In human communication, voice have very important role. However, not all of human speech production and control mechanism is clarified. Human speech mechanism have complex movement by the vocal organs and the vocal tract; the former is the lungs and the vocal cords in larynx, the latter is consisted of the tongue, the palate, the nasal cavity and the lips.
In the human speech mechanism, human vocal cords, which are thin folds on the larynx, generate sound as they are vibrated by airflow from the lungs. This source sound enters the vocal tract, which is a resonance tube constructed by the tongue, palate, nasal cavity, and lips. The vocal tract articulates the source sounds into vowels and consonants. This basic theory has been clarified; however, the control of the complex movement of speech organs and detailed phonemes in speech production are still unclear.
For clarifying human speech, mechanical models are superior method. The speech production is acoustic phenomena, so it is difficult to simulate accurately by computer simulation. From few centuries ago, peoples developed several mechanical models of speech organs, however, these are simple mechanism and difficult to simulate the movement. We started to develop anthropomorphic talking robot Waseda Talker series to combine the speech science and humanoid robot technology, and realized speech production of various vowels and consonant sounds. Additionally, from WT-5(Waseda Talker No. 5), we started to develop models have three dimensional vocal cord and vocal tract models and reproduced more human-like speech production mechanism.
We developed WT-7RII(Waseda Talker No. 7 Refined II) in 2009, which have human-like speech production mechanism. WT-7RII are consisted of the mechanical models of the lung, the vocal cords, the tongue, the jaw, the palate, the velum, the nasal cavity and the lips. These mechanical models are designed based on human and they have same size as adult male of human to have similar acoustic characters. The mechanism have 1 DOF(Degrees Of Freedom) in the lungs, 5 DOF in the vocal cord model, 1 DOF in the jaw model, 7 DOF in the tongue model, 1 DOF in the velum model and 5 DOF in the lips model: the total DOF is 20.
Lung model are constructed by two piston cylinders. Outlets of two cylinders are connected to the vocal cord model.
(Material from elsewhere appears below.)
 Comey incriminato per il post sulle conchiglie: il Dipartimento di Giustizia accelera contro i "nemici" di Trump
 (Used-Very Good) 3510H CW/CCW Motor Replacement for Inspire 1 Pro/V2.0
The airflow rate can be controlled by changing the moving velocity of the cylinders.
Human vocal cords are vibrated by airflow from the lungs, generating the sound source of the voice. We developed the vocal cord model using Septon by Kuraray Corp, based on the human biomechanical structure. The vocal cords have control mechanism, consisted of a pair of discs that are attached directly to the vibrating points. The pushing mechanisms are also set on the lower side of the vocal cords to stabilize vocal cord vibration.
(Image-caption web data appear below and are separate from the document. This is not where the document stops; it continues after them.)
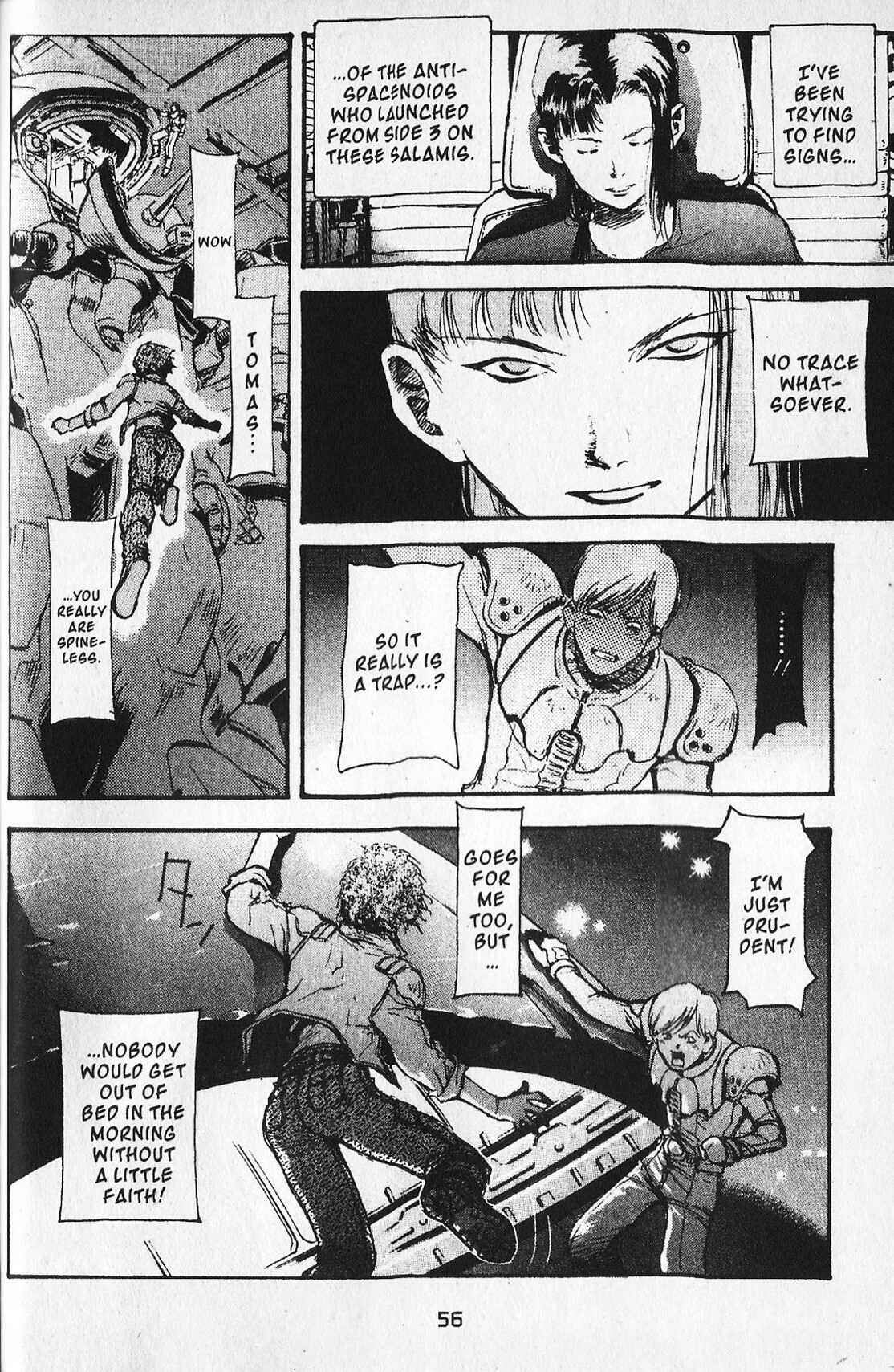 Page 11 Chapter 18 Mobile Suit Gundam - École du Ciel
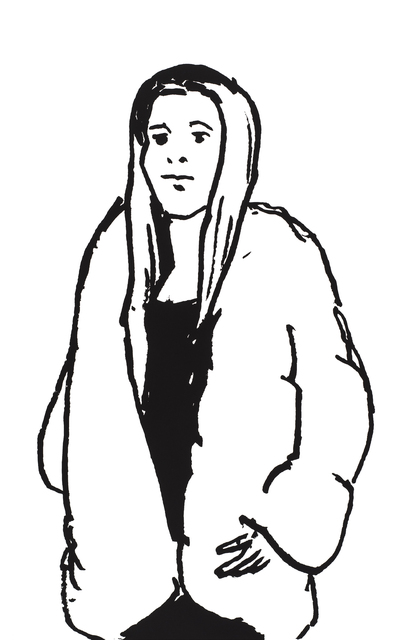 Alex Katz, ‘Shopper #10’, 2015, Galerie Schimming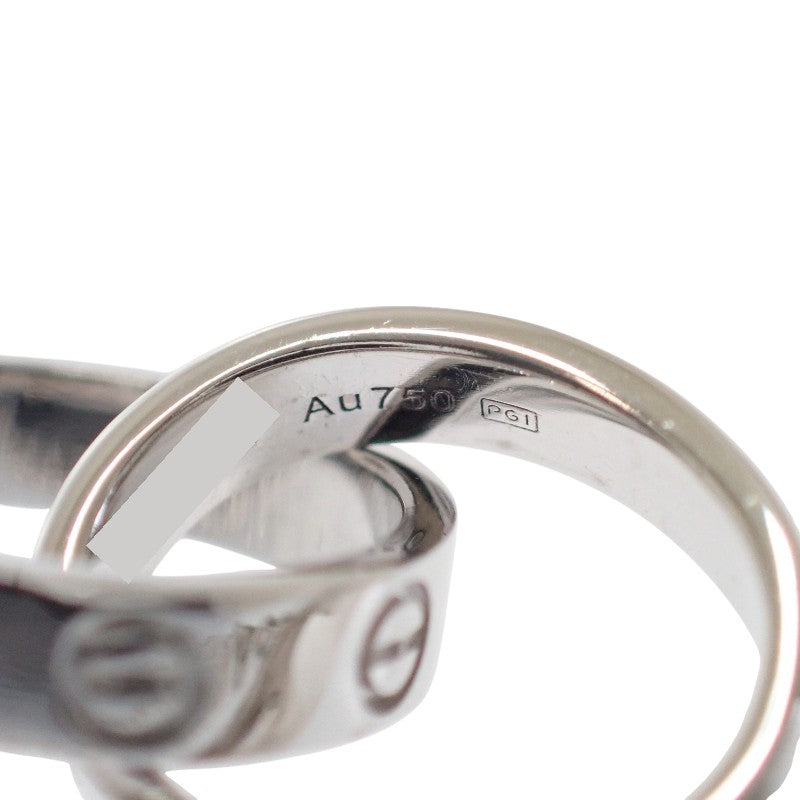 カルティエ CARTIER LOVE ベビーラブ B7212500 ネックレス K18ホワイトゴールド レディース【中古】【Aランク】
The tongue mechanism was designed based on the deformation of the human tongue. In human tongue analysis, the deformation of three parts on the tongue is important. We should control three parts separately. We designed the tongue mechanism by three parts (the tip, the blade and the body) of the rigid link mechanisms for WT-7RII. The mechanism for the tip of the tongue is a 3 DOF parallel link that controls the position and posture of the tip. The vertical deformation is reproduced mainly by the jaw mechanism. However, to allow independent movement on the tongue tip, we add 1 DOF on the parallel link. The tongue blade and the tongue body are each reproduced by a set of 2 DOF slider-crank links. Each slider-crank mechanism controls the link length and the link gradient.
The lips are designed to reproduce the shape and open area of human lips. The mechanical lips are made of soft material and are connected by a vise mechanism to five direction links and one fixed point (upper lips). With these mechanisms, the lips can produce the shape of five Japanese vowels (/a//i//u//e//o/) and total closure (/p/).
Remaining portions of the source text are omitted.